[Recorded data]
________________________

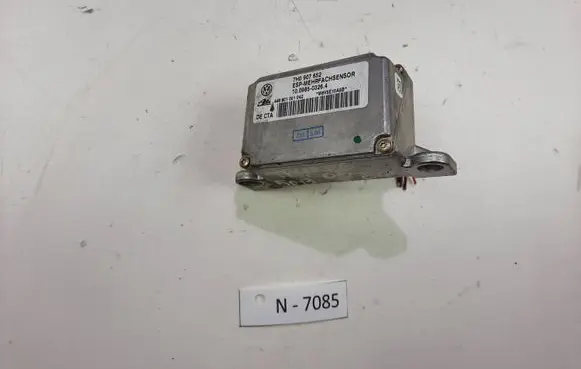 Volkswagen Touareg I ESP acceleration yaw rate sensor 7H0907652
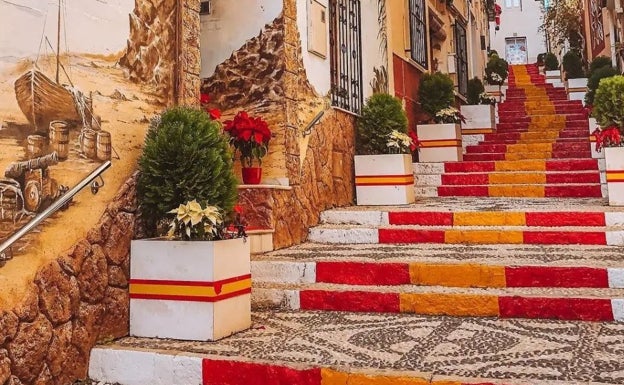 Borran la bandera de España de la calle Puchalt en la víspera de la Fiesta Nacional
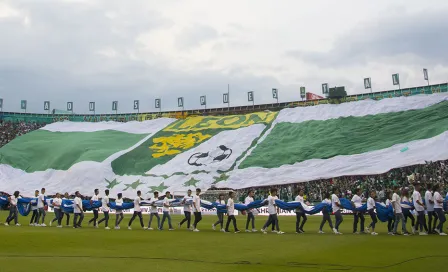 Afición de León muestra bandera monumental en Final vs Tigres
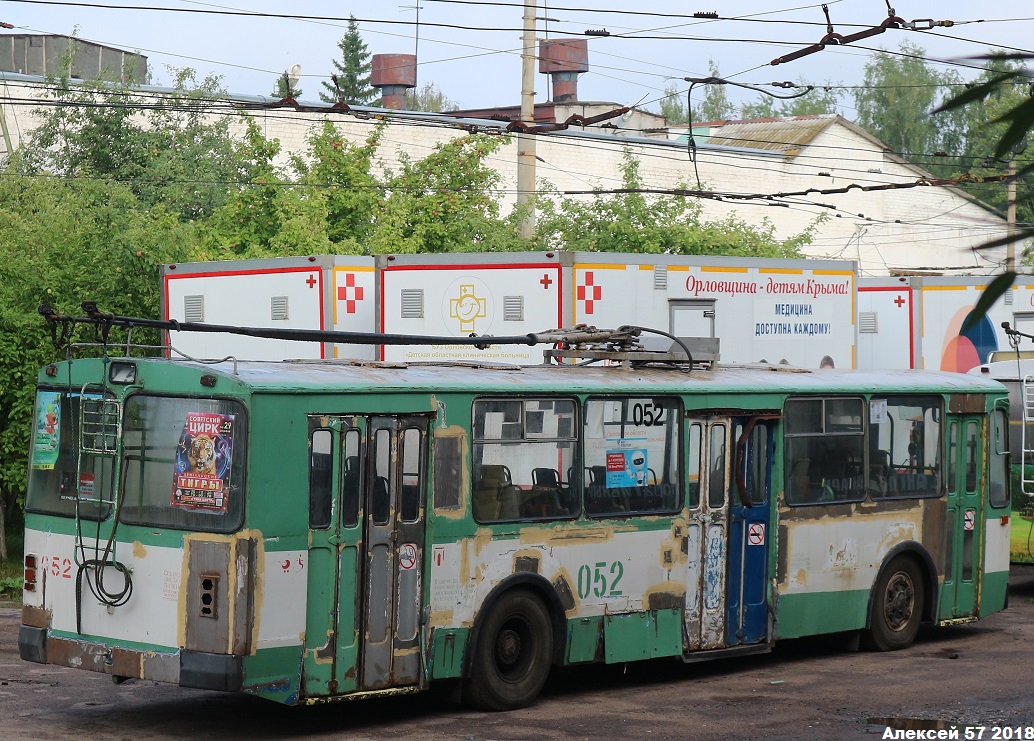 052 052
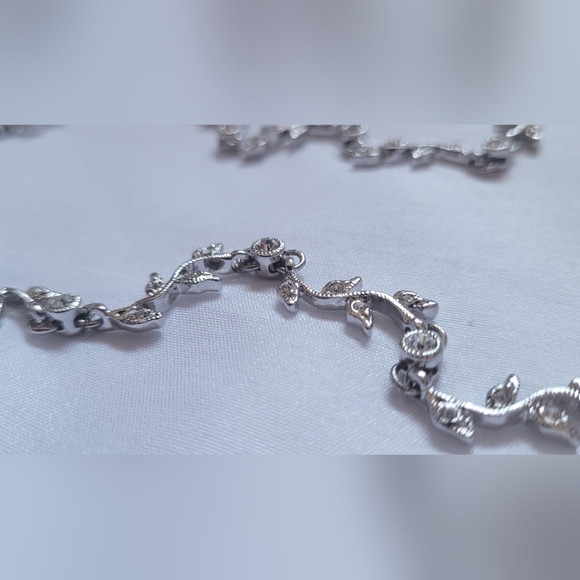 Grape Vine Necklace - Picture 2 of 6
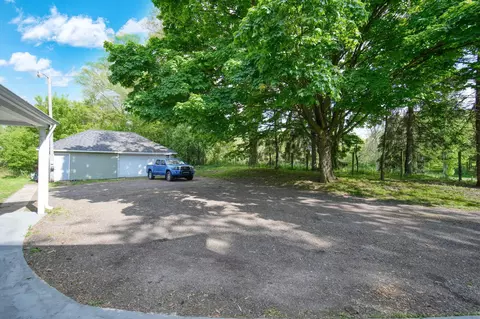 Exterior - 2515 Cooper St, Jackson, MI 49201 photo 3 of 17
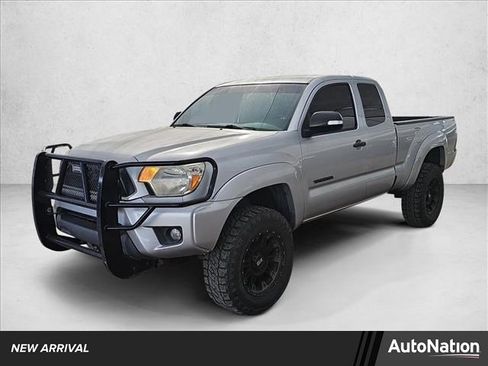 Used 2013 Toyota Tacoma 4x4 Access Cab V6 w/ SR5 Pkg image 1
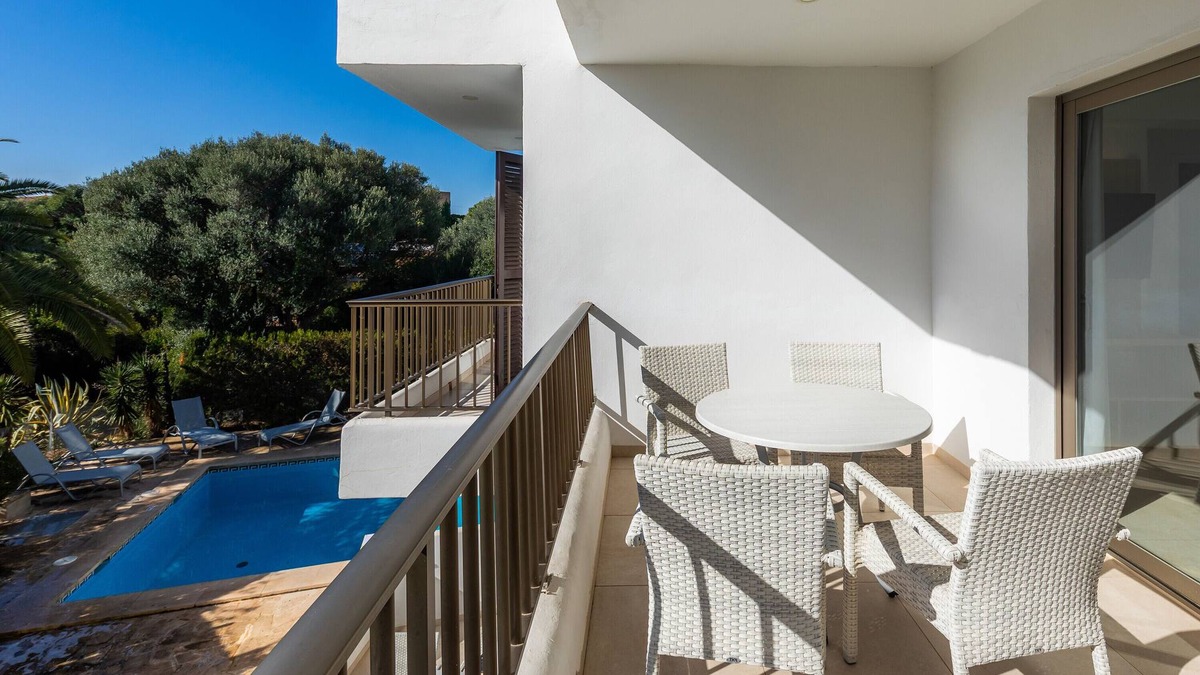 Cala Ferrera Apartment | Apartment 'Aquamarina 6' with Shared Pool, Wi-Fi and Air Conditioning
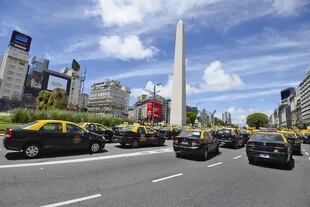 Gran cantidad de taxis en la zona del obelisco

________________________

What the task requires
From the first line to the last, copy the records above exactly and drop any pictures.

Solution to this task
 Volkswagen Touareg I ESP acceleration yaw rate sensor 7H0907652
 Borran la bandera de España de la calle Puchalt en la víspera de la Fiesta Nacional
 Afición de León muestra bandera monumental en Final vs Tigres
 052 052
 Grape Vine Necklace - Picture 2 of 6
 Exterior - 2515 Cooper St, Jackson, MI 49201 photo 3 of 17
 Used 2013 Toyota Tacoma 4x4 Access Cab V6 w/ SR5 Pkg image 1
 Cala Ferrera Apartment | Apartment 'Aquamarina 6' with Shared Pool, Wi-Fi and Air Conditioning
 Gran cantidad de taxis en la zona del obelisco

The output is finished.